Après la déconstruction politique du pays, en minant l’exercice normal du pouvoir, et après la déconstruction économique qui vise à saper tous les secteurs, on s’attaque aux fondations juridiques du pays. Le plan est bien ficelé.

Prenons au hasard un investisseur étranger qui, par miracle, voudrait réaliser un gros projet au Liban. On sait que la première question qu’il posera à son consultant local est: "Est-ce que le judiciaire fonctionne normalement?" Une façon de s’assurer que ses droits seront préservés. Le consultant essaiera d’édulcorer la situation autant que faire se peut. Mais l’investisseur aura vite fait le constat navrant: le Liban n’est pas un État de droit.

Il suffit de lister quelques ingrédients, évidents pour nous autres indigènes, mais mis ainsi en enfilade donnent quand même froid dans le dos. En commençant par la vie quotidienne. La fourniture d’électricité, d’eau, d’internet, et même de chaînes télé… est majoritairement illégale.

Côté commerce, au cas où son projet inclut une activité d’import-export, les frontières-passoires laissent déverser sur le territoire tout genre de produits, sans douane ni contrôle. Le port et l’aéroport échappent aux reliquats des autorités officielles.

Côté règlementations, les ministres peuvent prendre à tout moment des mesures intempestives selon leur humeur ou leur intérêt, changeant à leur guise les règles du jeu commercial, et tout un gratte-papier peut interpréter les règles administratives ou fiscales selon son gré et ses fins de mois difficiles.

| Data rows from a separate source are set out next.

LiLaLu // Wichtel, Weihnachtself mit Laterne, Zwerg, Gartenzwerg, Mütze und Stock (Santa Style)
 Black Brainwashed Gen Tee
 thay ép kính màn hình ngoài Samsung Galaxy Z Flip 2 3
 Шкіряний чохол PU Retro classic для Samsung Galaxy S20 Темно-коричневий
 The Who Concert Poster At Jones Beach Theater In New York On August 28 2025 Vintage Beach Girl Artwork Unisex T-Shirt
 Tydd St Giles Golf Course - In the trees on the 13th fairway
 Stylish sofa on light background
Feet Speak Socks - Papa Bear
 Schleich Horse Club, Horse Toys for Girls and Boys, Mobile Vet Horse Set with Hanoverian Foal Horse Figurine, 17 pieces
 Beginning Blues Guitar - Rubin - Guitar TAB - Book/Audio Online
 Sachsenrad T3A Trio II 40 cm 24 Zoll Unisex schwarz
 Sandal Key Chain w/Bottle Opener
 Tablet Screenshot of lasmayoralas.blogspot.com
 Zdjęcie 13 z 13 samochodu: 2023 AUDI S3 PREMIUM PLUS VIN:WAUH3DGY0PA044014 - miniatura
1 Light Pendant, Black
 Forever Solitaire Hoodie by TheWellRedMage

À un niveau supérieur, des dizaines de lois votées depuis des années restent lettre morte, parce que personne n’a pensé les mettre en exécution, Et des dizaines de projets de loi traînent au Parlement depuis des lustres, parce que cela ne plaît pas à son perchoir.

Côté judiciaire, c’est la catastrophe. Qui irait porter plainte aujourd’hui? Le procès durerait des années, et on n’est même pas sûr de tomber sur un juge intègre, question de chance, ou de "couverture" politique.

Tiens, c’est une notion bizarre, mais qui passe inaperçue tant elle est rentrée dans les mœurs: c’est la "couverture". De quoi s’agit-il? Le concept est souvent employé par des pontes lorsqu’un délit est commis. Ça s’insère dans une phrase telle que: "Nous ne couvrons pas, ou plus, le suspect (ou le délit)", comprendre qu’on va laisser faire la justice. Cela veut dire que la possibilité de "couvrir" le concerné existe, auquel cas, c’est l’impunité qui s’applique, mais que par magnanimité, ils ont renoncé à ce droit. Ils en reçoivent à cette occasion plein d’éloges.

C’est pour cela d’ailleurs que les plus pragmatiques vérifieront au préalable le degré de couverture concernant un suspect avant de perdre leur temps à porter plainte. C’est ce que font d’ailleurs les forces de l’ordre et l’appareil judiciaire, qui en ont l’habitude.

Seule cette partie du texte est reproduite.